JUDGEMENT NIGHT (1993) Dir. Stephen Hopkins. Written by Lewis Colick based on a Story by Jere Cunningham. Starring: Emilio Estevez, Cuba Gooding Jr., Stephen Dorff, Jeremy Piven, Denis Leary, and Peter Greene.

A group of middle-class dudes out for a night on the town end up fighting for their lives in the inner city when their party RV breaks down and they witness Denis Leary murder a body.
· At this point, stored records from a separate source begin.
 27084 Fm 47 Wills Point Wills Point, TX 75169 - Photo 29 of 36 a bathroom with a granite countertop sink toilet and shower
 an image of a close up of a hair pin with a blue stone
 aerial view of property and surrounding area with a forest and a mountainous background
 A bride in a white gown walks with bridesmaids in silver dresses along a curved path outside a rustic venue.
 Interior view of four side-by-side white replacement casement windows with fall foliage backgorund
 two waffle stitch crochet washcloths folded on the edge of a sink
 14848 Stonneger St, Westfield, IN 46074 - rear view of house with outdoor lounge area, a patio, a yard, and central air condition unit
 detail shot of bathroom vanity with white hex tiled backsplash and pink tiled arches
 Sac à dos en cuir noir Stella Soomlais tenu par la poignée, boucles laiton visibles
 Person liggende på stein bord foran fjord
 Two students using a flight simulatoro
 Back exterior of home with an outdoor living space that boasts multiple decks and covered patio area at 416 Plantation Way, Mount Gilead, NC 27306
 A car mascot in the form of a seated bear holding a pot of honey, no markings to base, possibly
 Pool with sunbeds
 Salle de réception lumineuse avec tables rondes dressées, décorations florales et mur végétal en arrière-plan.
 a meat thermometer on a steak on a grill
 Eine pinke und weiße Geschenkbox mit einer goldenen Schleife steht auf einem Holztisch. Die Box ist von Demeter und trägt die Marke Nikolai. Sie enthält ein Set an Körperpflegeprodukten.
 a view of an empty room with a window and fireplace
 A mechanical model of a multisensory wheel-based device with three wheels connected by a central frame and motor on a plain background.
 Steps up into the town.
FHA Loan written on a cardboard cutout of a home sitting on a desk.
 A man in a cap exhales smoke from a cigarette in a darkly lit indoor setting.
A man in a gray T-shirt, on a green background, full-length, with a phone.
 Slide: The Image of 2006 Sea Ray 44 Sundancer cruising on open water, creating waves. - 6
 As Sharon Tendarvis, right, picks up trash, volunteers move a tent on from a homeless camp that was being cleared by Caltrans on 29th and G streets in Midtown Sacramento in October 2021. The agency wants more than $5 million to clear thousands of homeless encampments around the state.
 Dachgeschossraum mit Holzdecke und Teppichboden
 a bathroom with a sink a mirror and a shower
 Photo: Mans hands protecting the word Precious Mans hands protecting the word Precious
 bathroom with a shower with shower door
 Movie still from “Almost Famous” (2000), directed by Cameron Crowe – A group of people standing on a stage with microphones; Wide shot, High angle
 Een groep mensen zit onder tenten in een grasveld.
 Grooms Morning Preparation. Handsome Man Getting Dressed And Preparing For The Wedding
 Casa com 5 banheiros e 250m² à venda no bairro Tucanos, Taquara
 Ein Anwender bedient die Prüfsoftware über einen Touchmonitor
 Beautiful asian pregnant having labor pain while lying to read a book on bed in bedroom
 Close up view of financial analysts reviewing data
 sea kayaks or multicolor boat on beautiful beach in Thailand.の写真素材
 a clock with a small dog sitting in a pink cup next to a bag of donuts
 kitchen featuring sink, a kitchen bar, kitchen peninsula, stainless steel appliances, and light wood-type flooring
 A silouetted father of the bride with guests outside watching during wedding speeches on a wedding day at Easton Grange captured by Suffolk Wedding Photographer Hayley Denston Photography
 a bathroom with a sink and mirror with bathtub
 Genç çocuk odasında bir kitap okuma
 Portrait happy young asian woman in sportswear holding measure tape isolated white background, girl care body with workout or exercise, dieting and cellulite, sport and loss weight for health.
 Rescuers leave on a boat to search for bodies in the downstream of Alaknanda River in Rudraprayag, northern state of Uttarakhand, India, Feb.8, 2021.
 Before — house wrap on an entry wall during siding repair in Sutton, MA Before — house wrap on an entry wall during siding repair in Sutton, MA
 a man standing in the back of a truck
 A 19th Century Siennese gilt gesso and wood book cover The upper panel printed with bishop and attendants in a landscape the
There's no more plot than that which is perhaps why the subtext is so apparent, well the attempt at subtext. I mean, Denis Leary's verbose villain's entire raison d'etere for continuing to hunt these men throughout the night seems less and less about their witnessing of the murder as the film goes on and more and more about his utter distaste for their safe bourgeois lives. Now, not many genre films wear their subtext on their sleeves and the ones that do tend to be the bad ones, but this isn't the case with Judgement Night which screams its half-baked subtext from the top of its lungs and still manages to be entertaining as hell. An ensemble cast of good guys pitted against a smaller but no less game ensemble cast of baddies give us a B movie we've seen more than once, but makes it all feel fresh. Ultimately it's the performances that elevate it, and surprise, surprise the soundtrack. In fact, if you're of a certain age you might remember Judgement Night's soundtrack more than the film itself. It was one of those nineties staples that everyone seemed to have in their collection at the time, right alongside The Crow and Natural Born Killers. While there were no real singles to speak of it had an interesting idea behind it that the others did not; each track combined a Rock band with a Rap Group that despite assumptions resulted in some killer tracks. At first listen, this experiment would seem to be little more than a music execs clever idea and have nothing to do with the film other than providing something hip to play under action scenes, but not so here. The soundtrack is actually a perfect companion to and illustration of the film's subtext depicting in every track pairing the central dichotomy of aggression in the film; rich and poor, urban and suburban. The subtext is ultimately so ingrained in the film's story, dialogue, and soundtrack that my only complaint about this forgotten thriller is that the ending gives us no final commentary on this obvious cat in the brain for the writer.